In 1963 Little scored a number one hit with ‘Royal Telephone’.
From 1985 he was an ambassador for literacy and numeracy for the Department of Education from 2002.
In 2004 Little was appointed an Officer of the Order of Australia and named a Living National Treasure.
For many years James Oswald ‘Jimmy’ Little was the brightest Aboriginal star on the Australian music scene His career as a musician, singer, songwriter and guitarist spanned six decades.
A member of the Yorta Yorta people, Little grew up on the Cummeragunja Mission on the Murray River in NSW. In 1955 he left for Sydney to pursue a career in country music. His mellow style, influenced by Nat King Cole and American country singer Jim Reeves, soon earned him the nicknames of the Balladeer, Gentleman Jim, and the Honey Voice.
His first single, ‘Mysteries Of Life’/‘Heartbreak Waltz’ was released in 1956, but his first real hit did not come until ‘Danny Boy’ in 1959. In 1963 Little scored a number one hit with ‘Royal Telephone’. The following year Everybody’s magazine named him Australian Pop Star of the Year.
Little made his acting debut in 1960 in the Billy Graham evangelical feature film Shadow of the Boomerang. In 1989 he made his theatre debut in Michelle Harrison’s Black Cockatoos at Belvoir Street Downstairs, and appeared in Tracey Moffatt’s short film The Night Cries – A Rural Tragedy. He was also seen in Andrew Schultz’s opera Black River.
In 1992 Little performed in the Tamworth on Parade and Kings of Country roadshows. He released his fourteenth album, Yorta Yorta Man, in 1994. His 1999 album Messenger, a collection of contemporary songs, sold more than 20 000 copies.
Little taught and mentored Indigenous music students at the Eora Centre in Redfern, NSW, from 1985 and was an ambassador for literacy and numeracy for the Department of Education from 2002. His teaching and community work earned him the title of NAIDOC Aboriginal of the Year in 1989.

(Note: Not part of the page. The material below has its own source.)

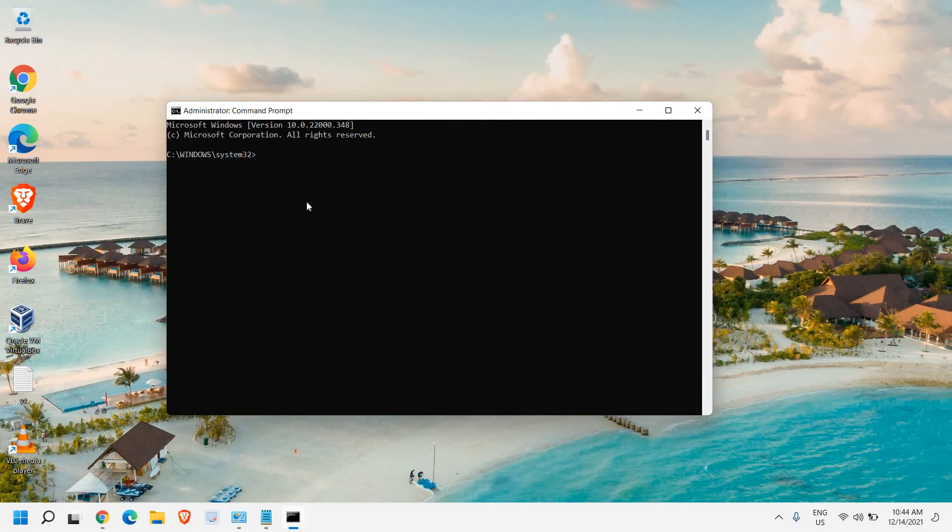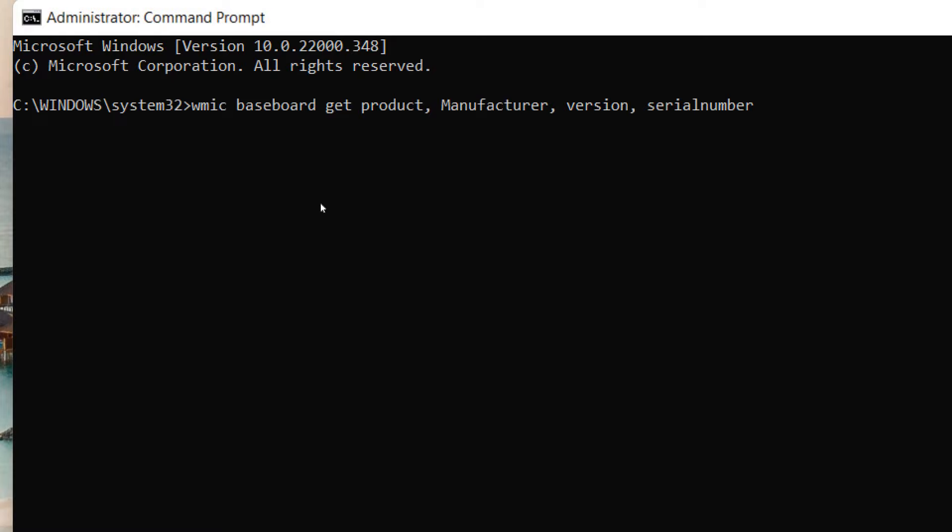Now here we need to paste a command which I'll mention in the description box. And here you just need to paste WMIC baseboard get product, manufacturer, version, serial number. So once you have typed exactly the same as I did,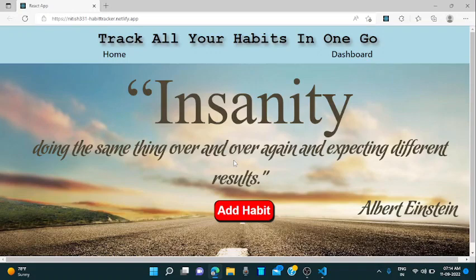Hi guys, this is Nitish Kathuria and I am here to display you about my project which I have developed using React.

In 1994 he was inducted into Tamworth’s Country Music Roll of Renown, the highest honour an Australian country music artist can achieve. He was inducted into the ARIA Hall of Fame in 1999 and in 2002 won the Golden Gospel Award for his lifetime support of Australian spiritual music.
In 2004 Little was appointed an Officer of the Order of Australia and named a Living National Treasure. He and composer Peter Sculthorpe were awarded honorary doctorates in music in recognition of ‘their joint contribution to reconciliation between indigenous and non-indigenous Australians’. That same year he was diagnosed with kidney failure. He received a kidney transplant, an experience that led him to launch the Jimmy Little Foundation to help indigenous Australians suffering from kidney disease.
In 2010 Little received the APRA Ted Albert Award for Outstanding Services to Australian Music.
In 2005 Little’s life was chronicled by Sean Kennedy in the film Jimmy Little’s Gentle Journey. One of Little’s children is documentary film-maker and author Frances Peters-Little. Soprano, writer and composer Deborah Cheetham is his niece.